Indiana Forecast Summary
The second quarter of 2014 remained sluggish with little personal income growth. However, employment growth in the state experienced its second quarter of just above national average growth. As we look beyond 2014, both employment and income are anticipated to generally parallel the nation.
This forecast used data through the second quarter 2014 for personal income data and through the third quarter for employment. Personal income data for the first quarter was revised lower by 0.9% and the new data for Q2 was weaker than our forecast by a similar amount (1.1%). Employment data was nearly on target with the last forecast – only deviating by 0.1%. These results indicate the August forecast fairly accurately estimated the state’s recent economic behavior.
During the recovery from the Great Recession, Indiana’s personal income growth rate was mostly on par or stronger than the national rate. However, for the year beginning in 2013:2, Indiana’s average personal income growth rate has lagged behind the nation’s rate each quarter. Indiana fell sharply behind the nation in 2014:1, but rebounded in the second quarter with growth of 7.6% compared to the nation’s 4.9% growth.
Since 2009 Indiana’s labor market has mostly outperformed the nation as a whole, especially during the early part of the recovery period In 2012, Indiana benefited from strong growth in manufacturing payroll employment, which pushed Indiana’s growth rate above the national levels. Indiana experienced tepid employment growth for most of 2013 compared to the U.S., but then closed the gap in the fourth quarter. In the second and third quarters of 2014, Indiana slightly outpaced the U.S. quarterly payroll growth by 0.2 and 0.3 percentage points, respectively.
We now expect income growth over the next three quarters that is slightly lower than our August forecast. However, growth remains quite strong for the entire forecast. Over the full span of the forecast period (2014:3-2017:4) Indiana is expected to have slightly stronger average annual growth rates than the U.S (4.6% versus 4.3%).
After disappointing first quarter payroll employment growth, the state saw an increase of over 17,000 jobs in both the second and third quarters of 2014. The state will likely experience a third consecutive quarter of more than 17,000 jobs added in 2014:4. Over the following three years job creation slowly decelerates, but still averages 51,400 per year.
The unemployment rate has continued to drop thus far in 2014– with October recording a 5.7% rate. We expect this drop to continue throughout the forecast, down to 4.9% by the end of 2017.

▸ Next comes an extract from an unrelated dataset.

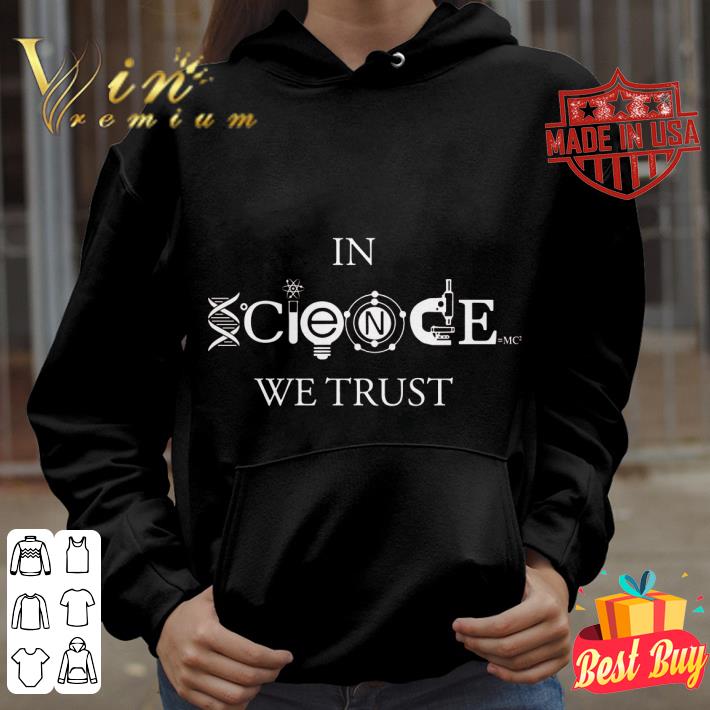 7bdecff4 funny in science we trust shirt 4 - Funny In Science We Trust shirt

Thus far in 2014, personal income growth has lagged while payroll employment growth has slightly outpaced the U.S. rate for the last two quarters. Personal income and employment growth are expected to level out in years 2015 through 2017, following a choppy 2014. Manufacturing job creation in 2015 to 2017 will not keep pace with the growth rates experienced in the past year. However, in the next year, nearly all industries are expected to have employment growth.